Some researchers (e.g. Holgado–Tello et al. (2010), Garrido et al. (2013)) suggest using an alternative to the Pearson correlation when correlating two ordinal categorical variables. Polychoric (or tetrachoric in the case of two binary variables) correlations assume that the continuous measure underlying the categorical variables is normally distributed.

If this is the case then it has been shown (for example in Homer, P and O’Brien, RM (1988)) that polychorics more accurately estimate the correlation between pairs of categorical variables. Polychoric correlations are not estimated in SPSS but may be estimated using this syntax from R and incorporated into SPSS versions 16 and above. In addition there is a SPSS macro, located in r_tetra.sps, that computes a single tetrachoric correlation located here.

SAS users can use this SAS macro to estimate a matrix of polychoric correlations which can be used in the SAS factor analysis procedure or create a file of correlations which can be exported for use in SPSS where they may be inputted in lieu of raw data (Kinnear and Gray, 1999). There is also a PC programme freely downloadable from JS Uebersax’s website here.
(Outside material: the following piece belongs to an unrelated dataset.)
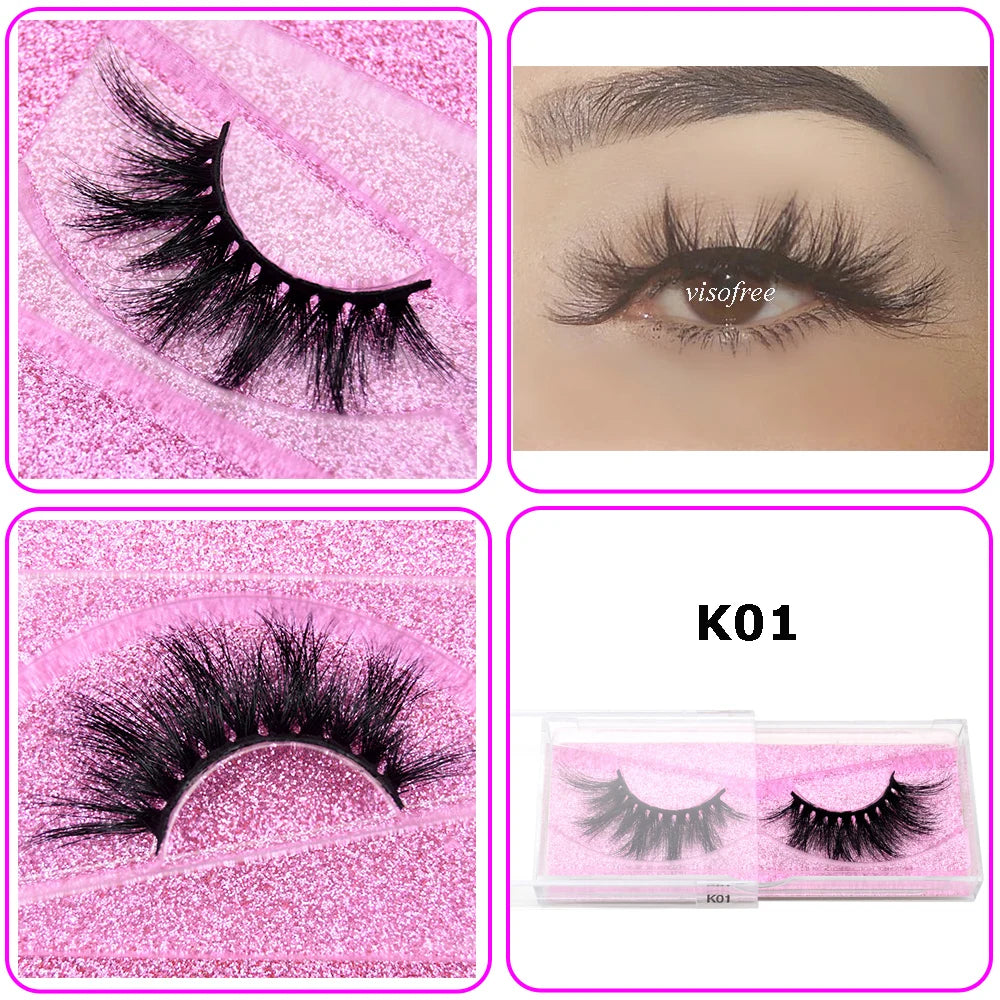 Mink Eyelashes Hand Made Crisscross False Eyelashes Cruelty Free Dramatic 3D Mink Lashes Long Lasting Faux Cils for Makeup Tools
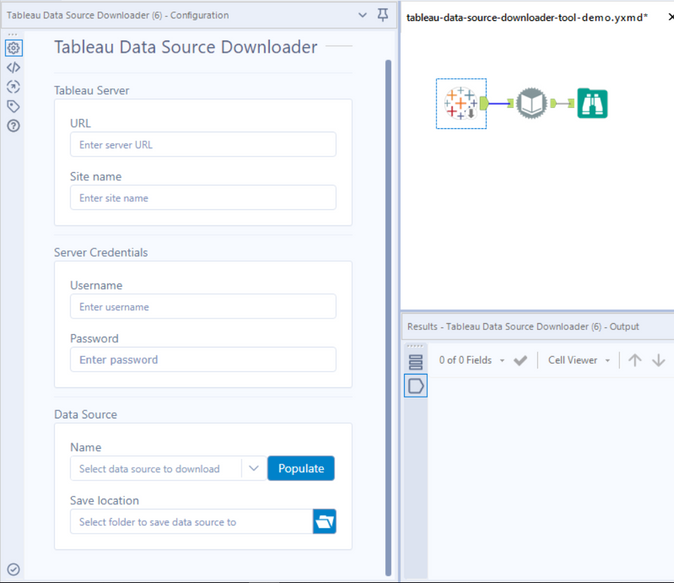Tableau Data Source Downloader demo workflow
A help guide is included showing an example of its use. Yiu and Poon (2008) present a downloadable spreadsheet which computes polychoric correlations for pairwise 3 x 3 tables of frequencies. Polychoric correlations may also be computed using this spreadsheet which can the be copied and pasted into a SPSS spreadsheet. Tetrachoric correlations may be computed using a spreadsheet.

The polychoric correlations can then be typed into a correlation matrix which is entered using syntax into SPSS by inputting the correlation matrix directly rather than the raw data (Kinnear and Grar, 1999). An example correlation input file for four variables, V1, V2, V3 and V4, is given below. Column one identifies the rows as either containing sample sizes or correlations, column two contains the variable names, the remaining columns give the sample sizes and correlations for the four variables.
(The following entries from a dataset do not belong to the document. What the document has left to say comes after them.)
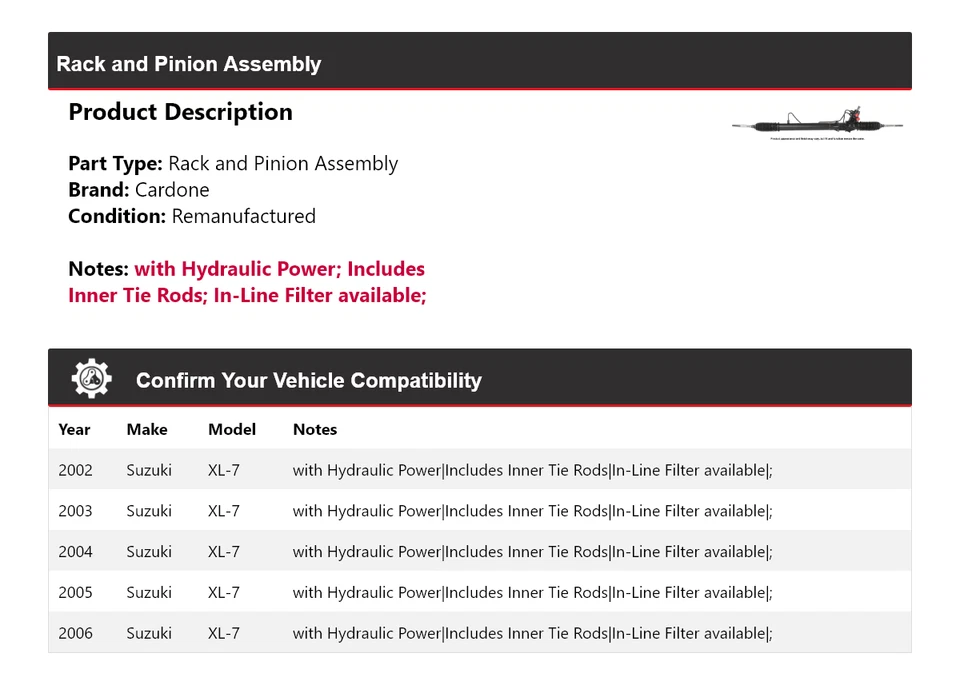 Conjunto de piñón y cremallera Cardone 2003 2004 2005 para Suzuki XL-7 2002-2006 Foto 2 de 4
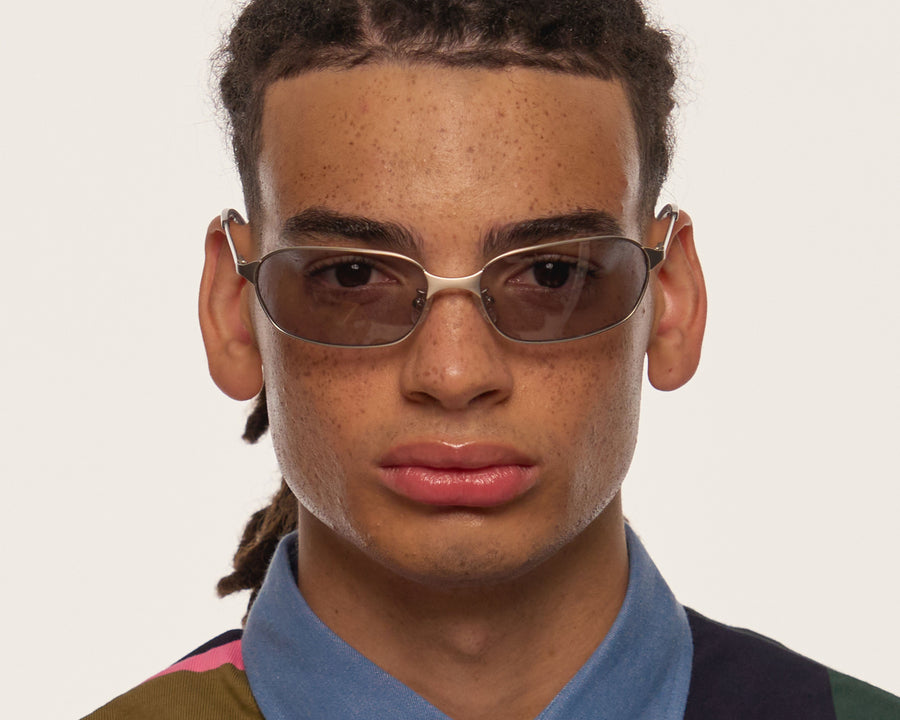 men Aspen Sunglasses Rectangle gray metal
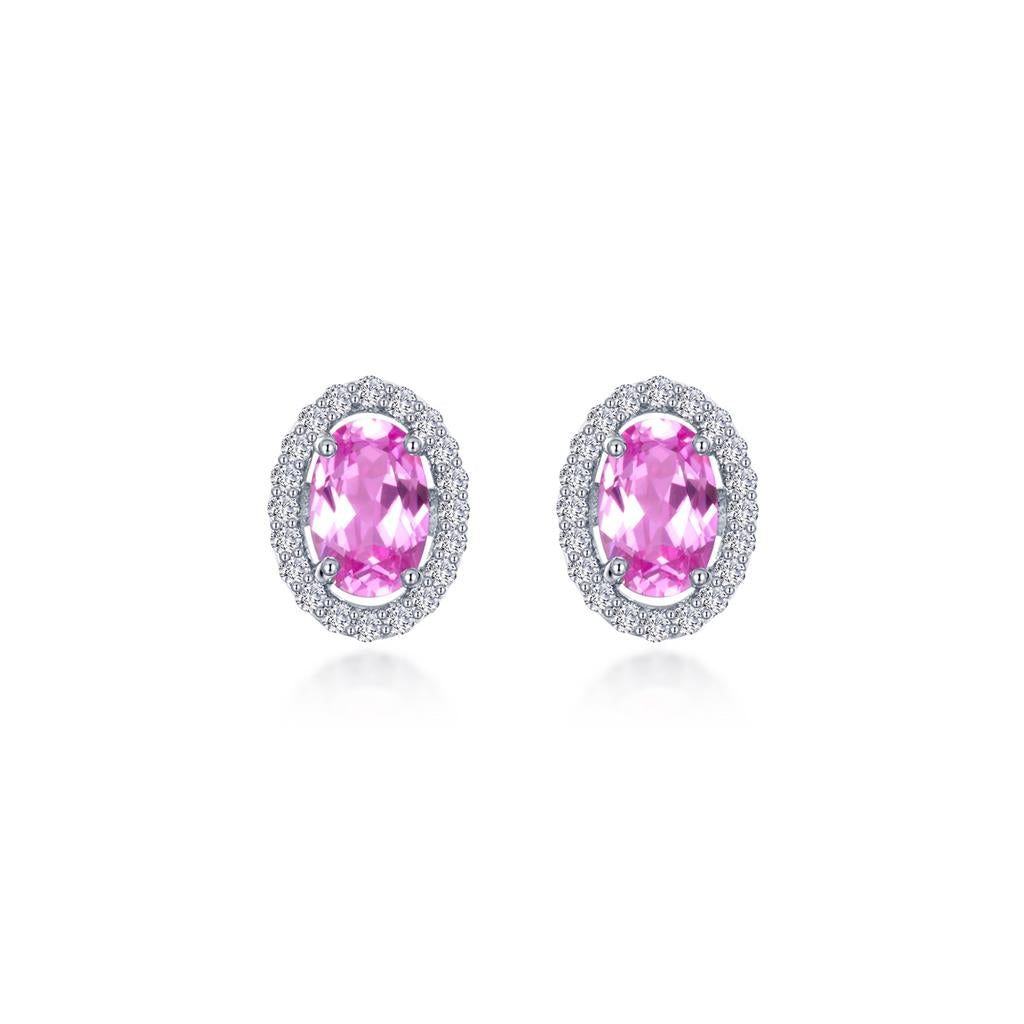 Fancy Lab-Grown Sapphire Halo Stud Earrings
N 20.0000000 20.0000000 20.0000000 20.0000000 CORR V1 1.0000000 .3360000 .1617943 -.1944917 CORR V2 .3360000 1.0000000 -.0763708 .1959513 CORR V3 .1617943 -.0763708 1.0000000 -.0093707 CORR V4 -.1944917 .1959513 -.0093707 1.0000000

This data file can then be directly inputted into a factor analysis by running the following syntax into a syntax window.

FACTOR MATRIX IN(COR=*) /MISSING=LISTWISE /ANALYSIS=V1 V2 V3 V4 /PRINT=CORRELATION /PLOT=EIGEN /EXTRACTION=ML /ROTATION=OBLIMIN .

References

Garrido, L.E., Abad, J.J. and Ponsoda, V. (2013) A new look at Horn's parallel analysis with ordinal variables. *Psychological Methods* **18(4)**, 454-474. Parallel analysis is a factor extraction method which extracts only those factors with eigenvalues greater than the average of those produced from those obtained from simulations using independent variables (the 'by chance' scenario). Matlab code is given in the appendix.

Homer, P. and O’Brien, R.M. (1988) Using LISREL models with crude rank category measures. *Quality and Quantity*, **22**, 191-201.

Holgado–Tello, F.P., Chacón–Moscoso, S., Barbero–García, I. and Vila–Abad E. (2010) Polychoric versus Pearson correlations in exploratory and confirmatory factor analysis of ordinal variables. *Quality and Quantity* **44(1)**, 153-166.

Kinnear, P. and Gray, C.D. (1999) SPSS for windows made simple. Third Edition. Psychology Press:Hove,East Sussex, England. Chapter 15 in the 1999 edition details how to input a correlation matrix into SPSS. This may also be in the 2009 edition.

Olsson, U. (1979) Maximum likelihood estimation of the polychoric correlation coefficient. *Psychometrika,* **44(4)**, 443-460.

Yiu C.F. & Poon, W.Y. (2008) Estimating the polychoric correlation from misclassified data. *British Journal of Mathematical and Statistical Psychology*, **61**, 49-74.